You may re-use part of tutorial codes and revise it for your purpose here.

Tasks

1. [5 Marks] Acquire ICLR2022 authors ids each of which is either an OpenReview ID or an email address of an author. You may rely on some code snippets from Tutorial 3.

2. [12 Marks: Challenging] Write Python code to extract all the authors profiles. As shown in Tutorial 3, each author has an ID on OpenReview site (or email address). You need to get IDs for all ICLR2022 authors. Then an author profile can be accessed like https://openreview.net/profile?id=~Junbin_Gao1 where ~Junbin_Gao1 is called author ID (username). On a sample page, locate where Author Affiliation and Email Address is, then try to write your own web crawler to get this information for all ICLR2022 authors.

Warning: prepare to wait for getting all the information after you deploy your crawler.

3. [12 Marks: Challenging] Explore and report some statistics, such as the total number of authors, how many missing values for their affiliations or emails, how many different affiliations, where are authors from etc.

Note 1: Generally speaking, each appearance of an author ID means a paper submission. It is possible to tell how many papers an author submitted and how many papers from a particular organisation.

Note 2: Openreview captures all the emails for the organisations with which an author is associated or/and was associated.
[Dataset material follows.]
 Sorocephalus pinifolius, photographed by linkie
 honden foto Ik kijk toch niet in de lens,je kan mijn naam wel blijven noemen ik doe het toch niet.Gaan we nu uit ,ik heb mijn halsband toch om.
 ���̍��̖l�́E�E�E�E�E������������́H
I suggest you use the first email address in their email list as an author’s current affiliation.

Note 3: As there is no country information collected in author profile, you may need to rely on email domain to map to a country, for example, from sydney.edu.au we know au is the code for Australia. But people may use some common email domains such as ['gmail.com', 'qq.com', '126.com', '163.com', 'outlook.com', 'hotmail.com', 'yahoo.com', 'foxmail.com', 'aol.com', 'msn .com', 'ymail.com', 'googlemail.com', 'live.com']. In this case, please take the following strategy: (1) if such as a common email address appears as an author’s first email address, then check the second email address to identify the country; (2) if such a common email address is

the only email address for the author, you may aggregate them in a group of “unidentifiable” .

4. [8 Marks] Visually present the statistical information you have discovered in Task 3.
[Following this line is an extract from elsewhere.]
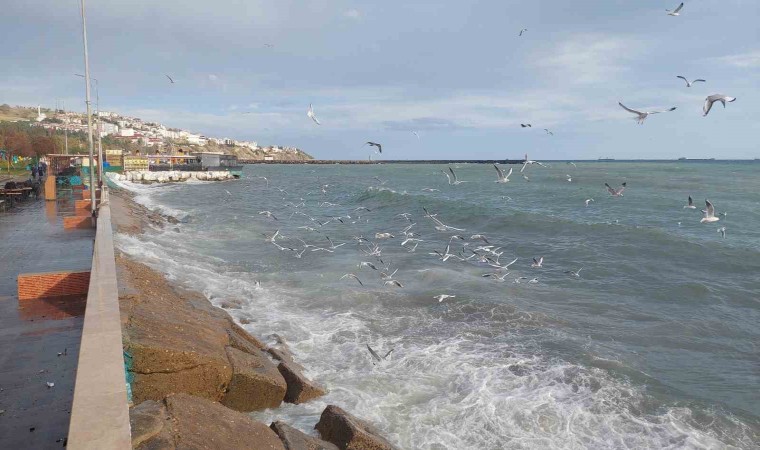 Tekirdağda şiddetli lodos: Deniz çalkalanıyor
5. [10 Marks] Identify or discuss whether there is any missing information in Task 2. What is your suggestion regarding this?

6. [8 Marks] (Challenging!) Segment authors into three major groups: University, IT Company (eg. Google, Tencent etc), and Others.
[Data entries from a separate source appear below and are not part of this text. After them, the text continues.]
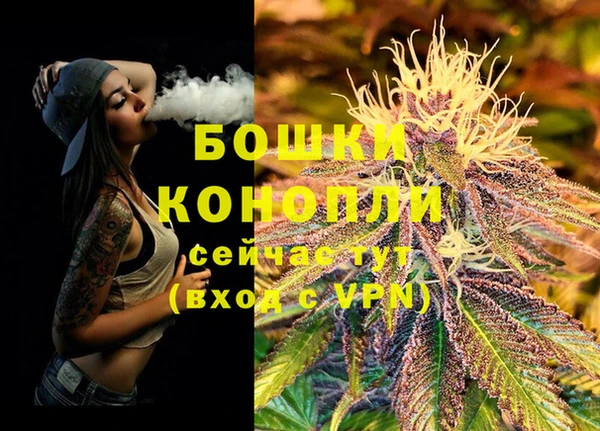 хмурый Семилуки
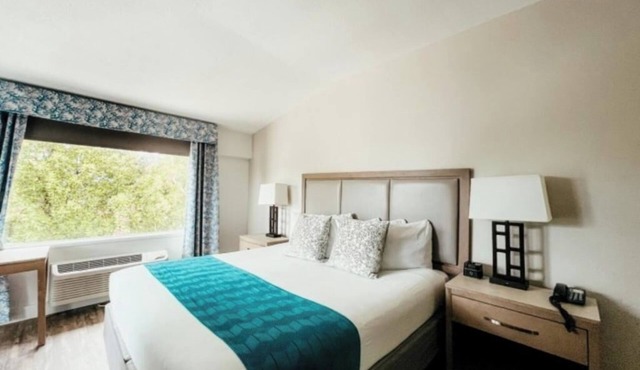 Pet-Friendly Island Gem: Private Beach w/Free Gear Rentals Near Dolphins Plus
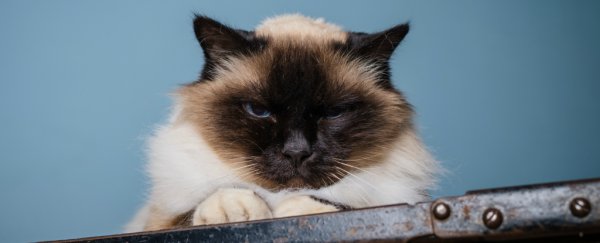 Science reveals there are surprising benefits of being a pessimist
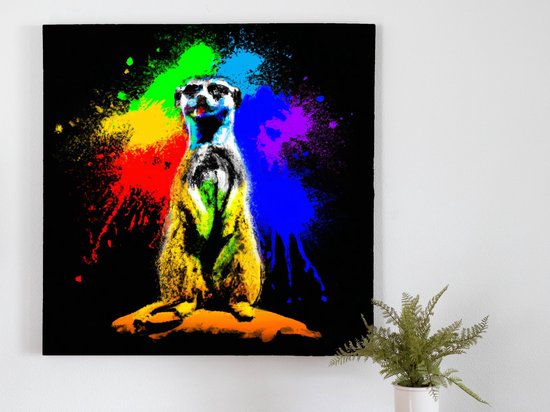 Colorful Meerkat Burst kunst - 80x80 centimeter op Canvas | Foto op Canvas - wanddecoratie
Note: The other 5 marks are allocated for presentation quality

Marking Criteria

1. The content in your report in general should focus on the appropriateness of the chosen methods and provide full explanation and interpretation of any results you obtain in your report. Output without explanation will receive zero marks in the relevant part.

2. Describe your data analysis procedure in detail: how the Exploratory Data Analysis (EDA) step is done, what and why models/methods are used, how your approaches are chosen etc with sufficient justifications. The description should be detailed enough so that other data scientists, who are supposed to have background in your field, understand and are able to implement the task.

3. Clearly and appropriately present any relevant graphs and tables.

4. Presentation of the assignment is part of the assignment. Markers will assign certain percentage of the mark for clarity of writing and presentation. It is recommended that you should include your Python code as appendix to your report, however you may insert small section of your code into the report for better interpretation when

necessary.

5. All your analysis must be with Python. The Python implementation must be well presented/commented in a professional way. The main program file should be named as QBUS6860_2022S1_SIDXXXX.py (Jupyter Notebook ipynb) and others with meaningful naming. Low quality code will attract a penalty of up to 10% overall marks. If the marker cannot get your program run, some partial marks (maximum 15%) will be deducted from overall marks.